Yesterday was my birthday (yes, I'm 29 again, and planning on hanging out there until my daughter reaches her twenties. Then I'll reconsider.) Birthdays are always, well, "sensitive", for reasons I can't really explain. I spend the day counting and recounting my blessings: kind and loving husband, two amazing children, great friends, and a burning passion to put the stories that bloom inside my head onto paper (ok, screen). Best of all, everyone is healthy. I know how quickly that can change. So, blessings. So so so many blessings. 

Yes, I reminded myself of all of this many, many times yesterday. I'm generally a cheerful person, and most of the time I'm able to let the bad stuff roll right off my back. But this year, for some reason, I'm feeling extra sensitive ... and I think I've figured out what's wrong. I think I'm battling the "Author Blues." For realsies.

I'm betting I'm not the first author to watch her book go live on Amazon, and then wait and watch and have a sudden desire to drink and eat lots of cookies.
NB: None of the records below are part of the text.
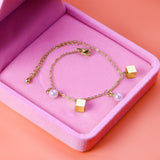 Pearls + square accessories bracelet 16 + 5cm gold color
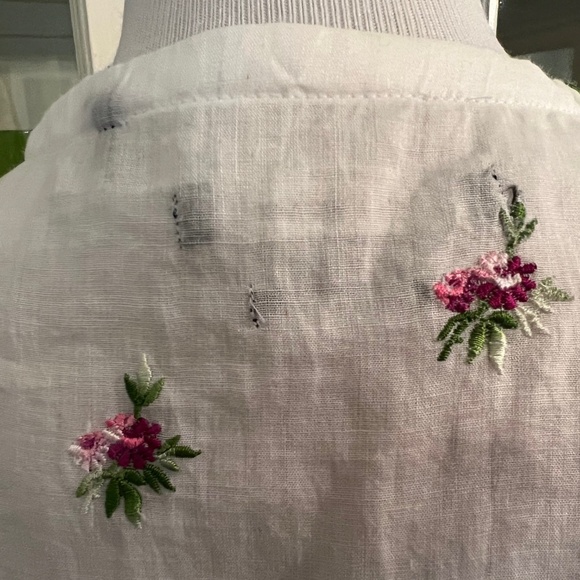 Isabel Marant Floral Rose Embroidered Blouse, Size 38/M-L, Ramie Cotton, Ruffle - Picture 14 of 14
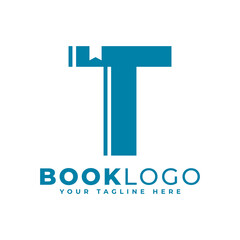 Letter Initial T Book Logo Design. Usable for Education, Business and Building Logos. Flat Vector Logo Design Ideas Template Element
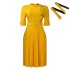 D433 independent station foreign trade women's clothing 2023 autumn and winter new item African temperament solid color pleated button foreign trade dress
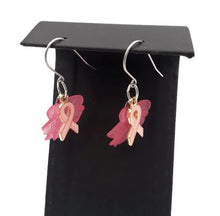 Load image into Gallery viewer, Maple Leaf Breast Cancer Awareness Earrings
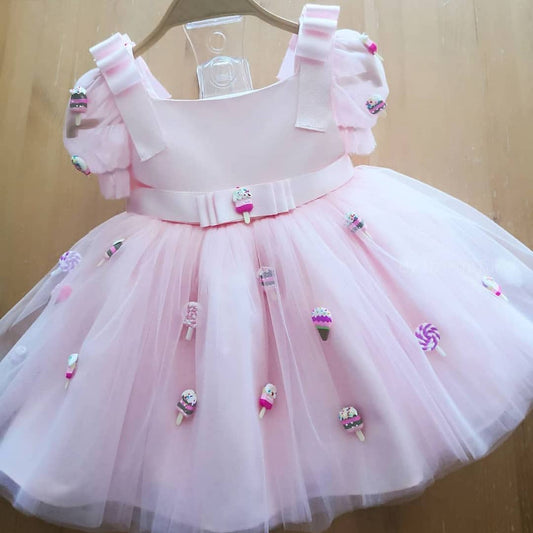 Elegant Baby Pink Candy Frock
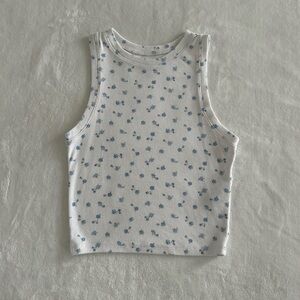 Hollister White Top with Blue Floral Design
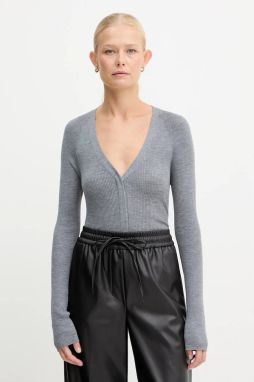 Vlnený kardigán BOSS Friva šedá farba, ľahký, 50544904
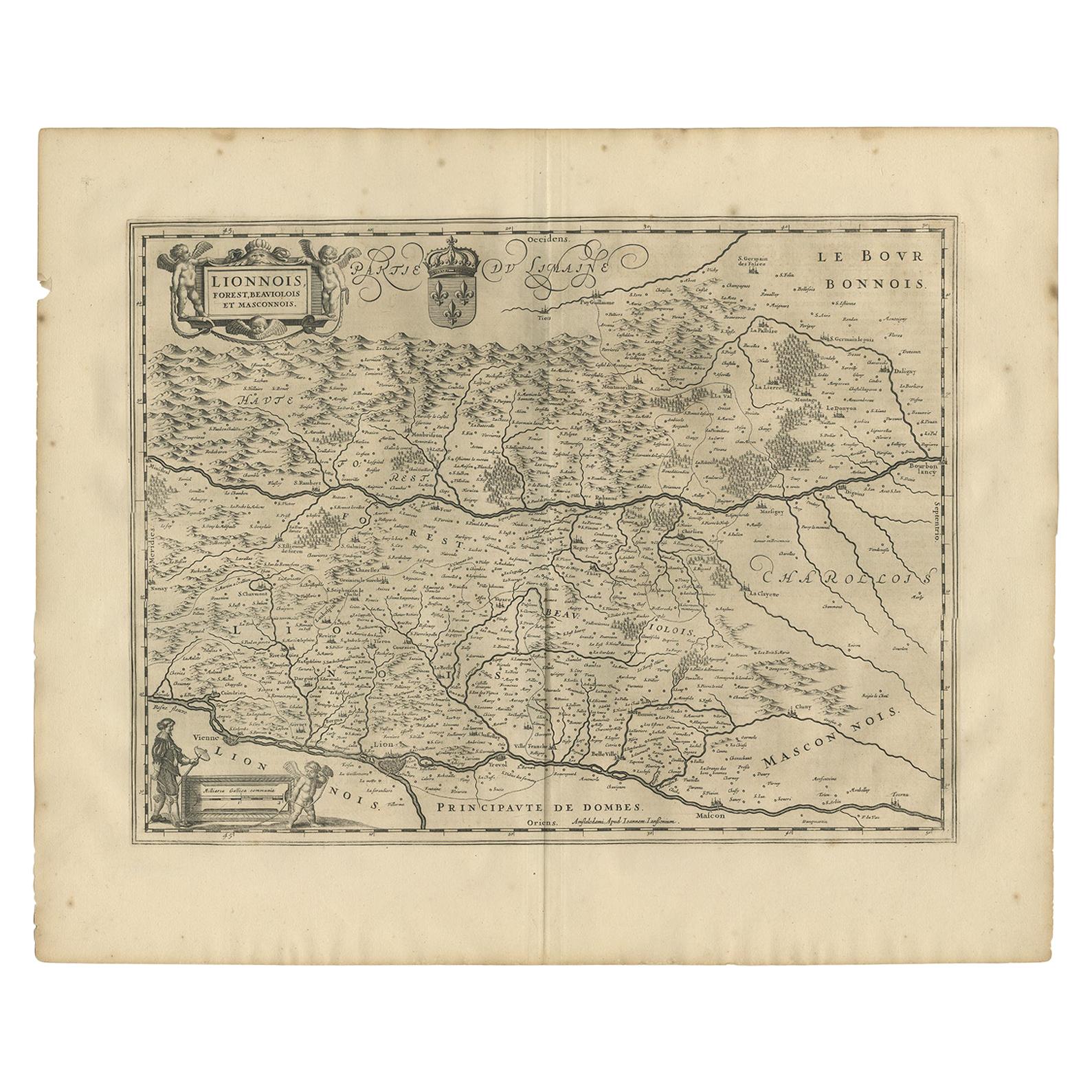 Antique Map of the Region of Lyonnais by Janssonius, '1657' For Sale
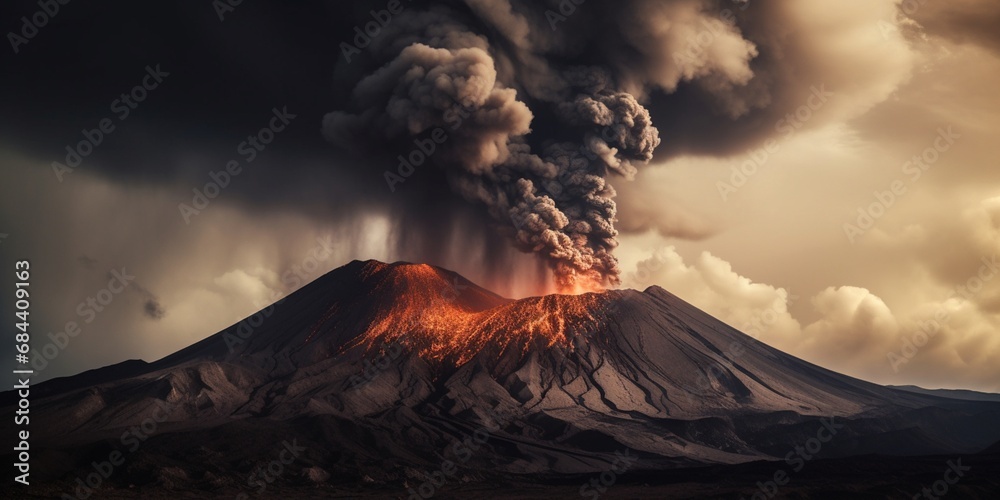 Fototapeta premium Majestic volcano erupting with fiery lava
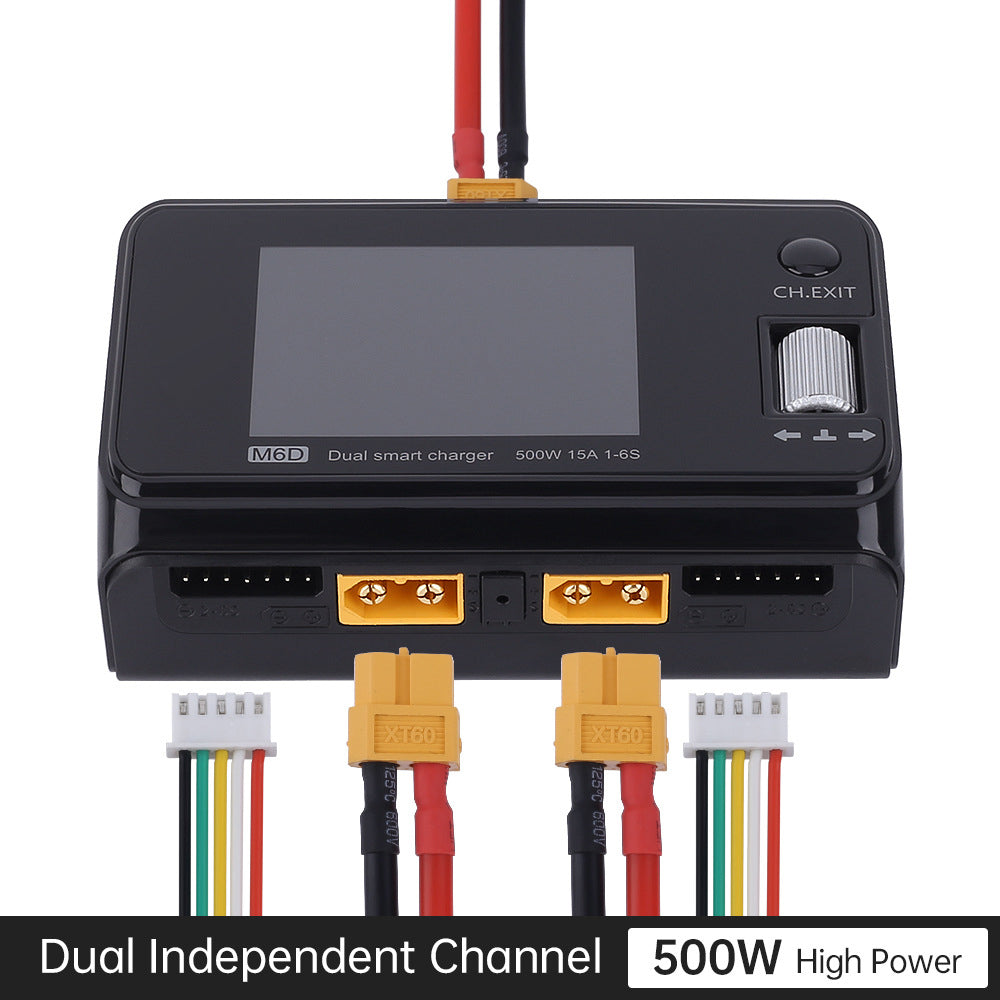 M6D 500W 25A DC Dual-Channel Caricabatterie Intelligente per Bilanciamento e Scaricamento per batterie 1-6S LiPo/LiHV/LiFe/LiIon, 1-16S NiMH, 1-10S PB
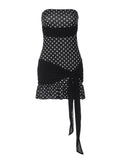 Polka Dot Patchwork Tube Mini Dress [JUCHHVHM]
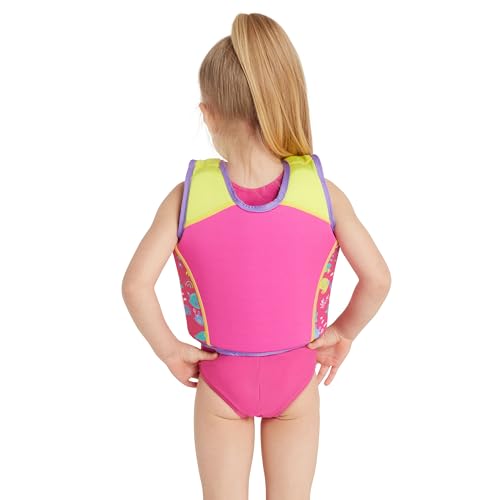 Zoggs Kids Swimsure Jacket Bright Pink/Yellow, 4-5 Years/18-25 kg, Bright Pink / Yellow - Image 4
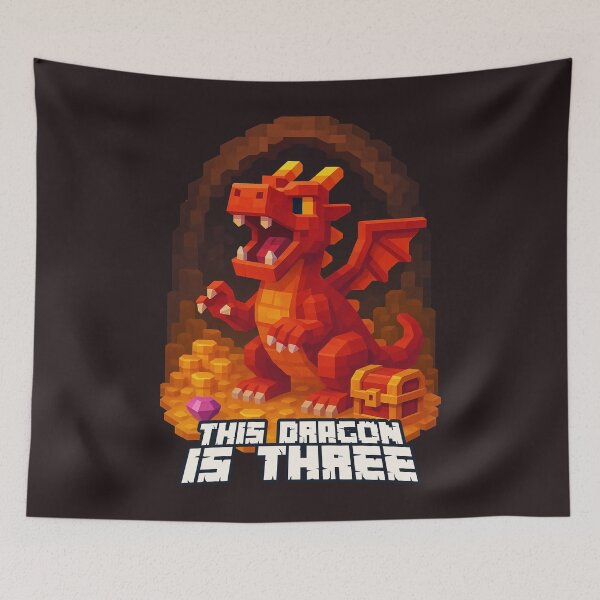 Item preview, This Dragon is Three Pixel Art Fantasy Birthday Design	 designed and sold by Victor Shadehorn.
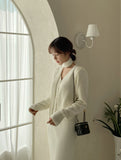 Rasche V-neck ribbed tie cardigan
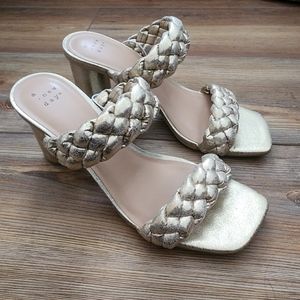A New Day Sandals Womens 8 Gold Braided Basil Heel Mule NEW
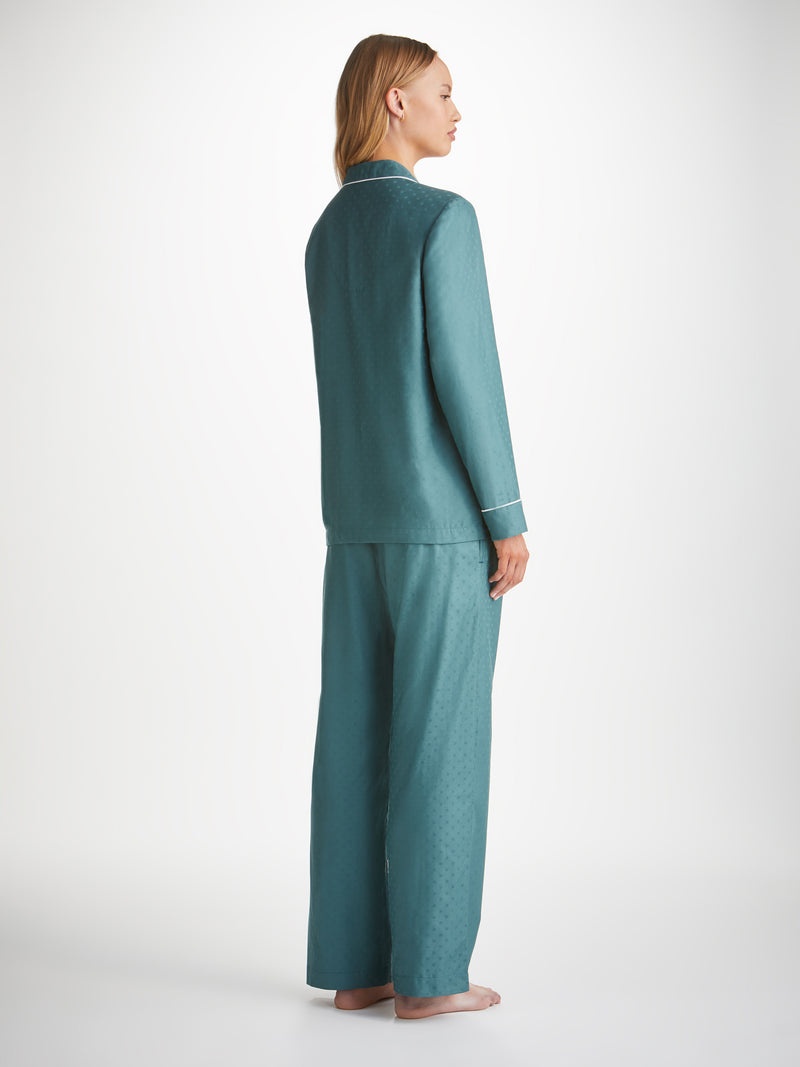 Women's Lounge Trousers Kate 9 Cotton Jacquard Teal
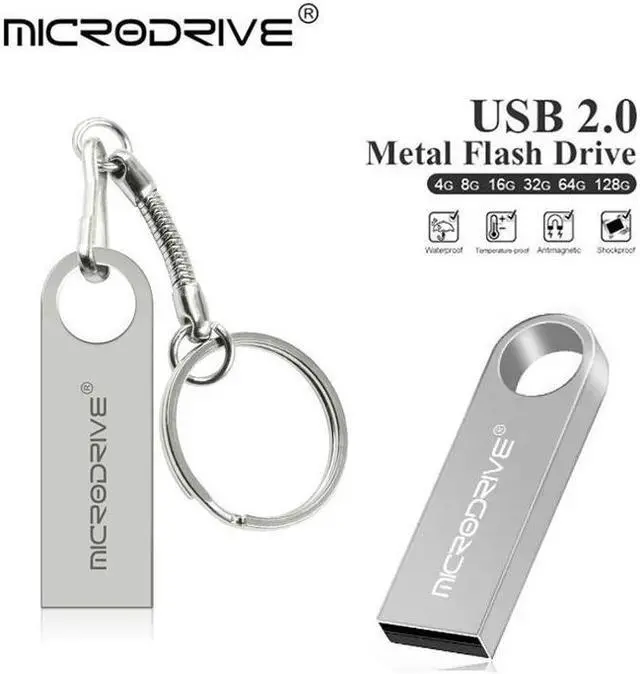 Main image of Mini USB Flash Drive Microdrive 16GB Data Traveler USB 2.0 Flash Drive Speed Up to 100MB/s Metal Memory Stick Silver 16GB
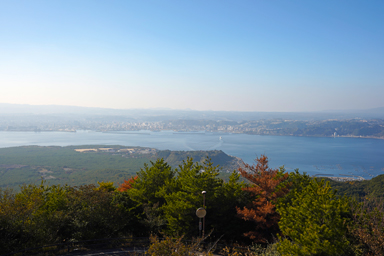 桜島の展望台から眺める鹿児島市の街並み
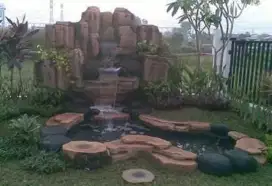 pembuatan kolam ikan relief, dan tebing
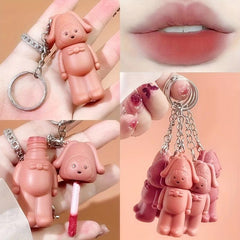 Bear Keychain Lip Stain Velvet Matte Long Lasting Lip Mud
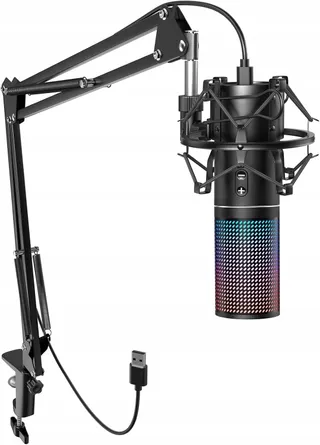 TONOR RGB USB Microfoon Gaming PC Podcast Microfoonarm Streaming — miniatuur 8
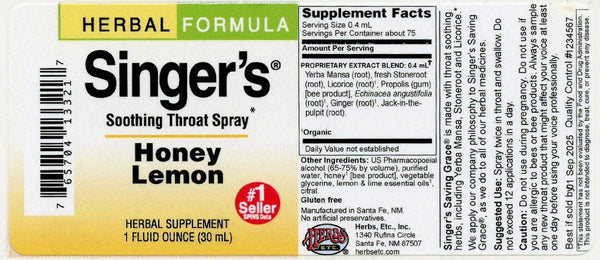 Herbs Etc., Singer's Soothing Throat Spray, Honey Lemon, 1 Fluid Ounce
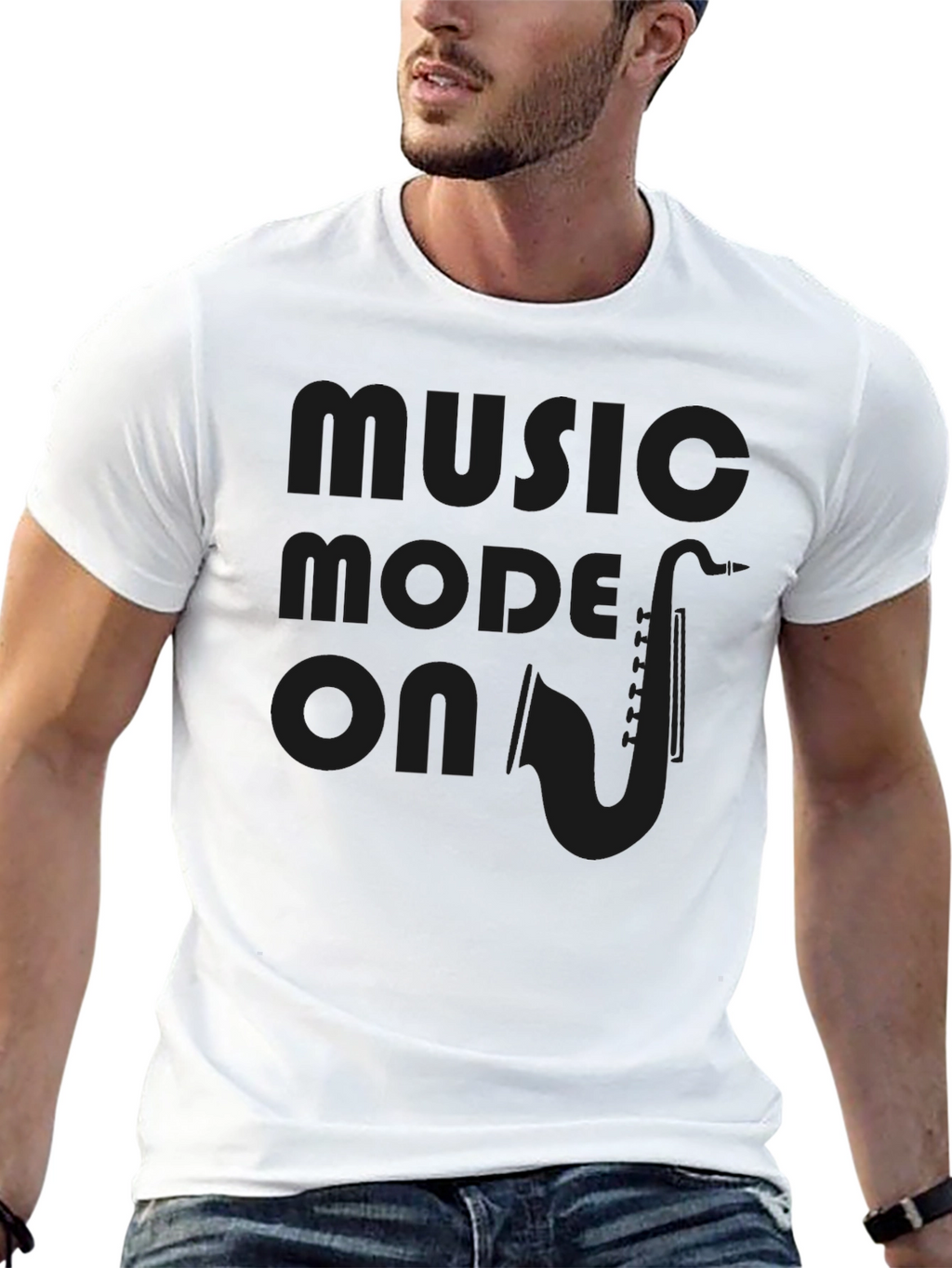 Music Mode On Saxophone Graphic Tee - Black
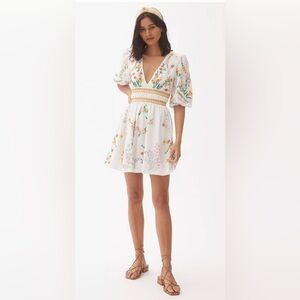 Anthropologie Deep-V Floral Mini Dress
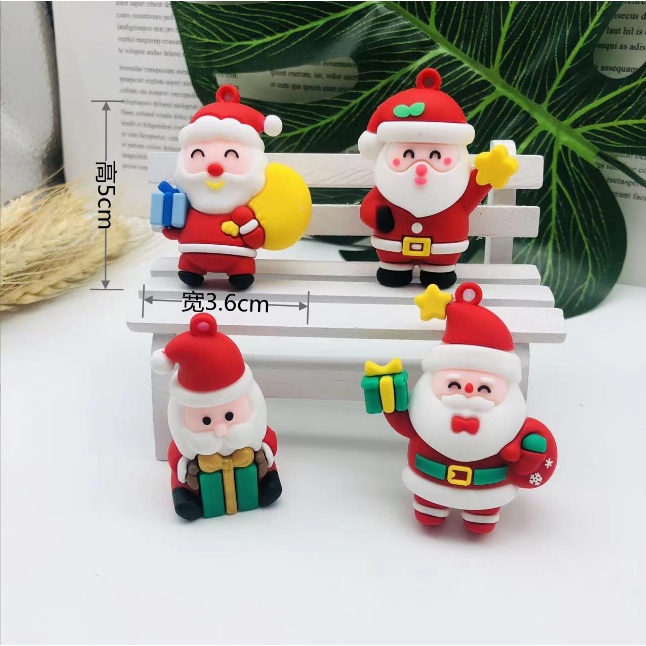 Mô hình cây thông Noel, ông già Santa, người tuyết, làm móc khóa, trang trí tiểu cảnh, terrarium, DIY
I'm sure I'm not the first author to wonder why so-and-so, who was so excited to buy the book, still hasn't. Or why someone else promised to write a (much needed!) Amazon review, but never did.

 Is there a support group out there? Hyper-sensitive Authors Anonymous? I'm totally gonna join. After all, this must be really common for new authors. We put our hearts out there for the world to read. After that act of bravery, comes the inevitable realization that so many people just don't care. They're embroiled in their own lives and families and issues, and the fact that someone bled their insides into a story is, well, unimportant.

I cringe to think how many times I've done something similar. So, I'm vowing right now to be more sensitive to others' needs. To what's important to them. I'm sure I've missed so many opportunities to help: a kind word of support, following through on something I said I would do (but got too busy and forgot about), supporting those who are following their dreams, and encouraging others to do the same. To realize that just a few minutes of my time, or a kind word, or a little bit of giving, can make a huge difference in someone else's life. And to apologize, right here and now, for the times I've missed these opportunities. For the times I've been too focused on my life, and my own issues, to take the time for someone else. We're all human, but I hope to be a better human from this moment on.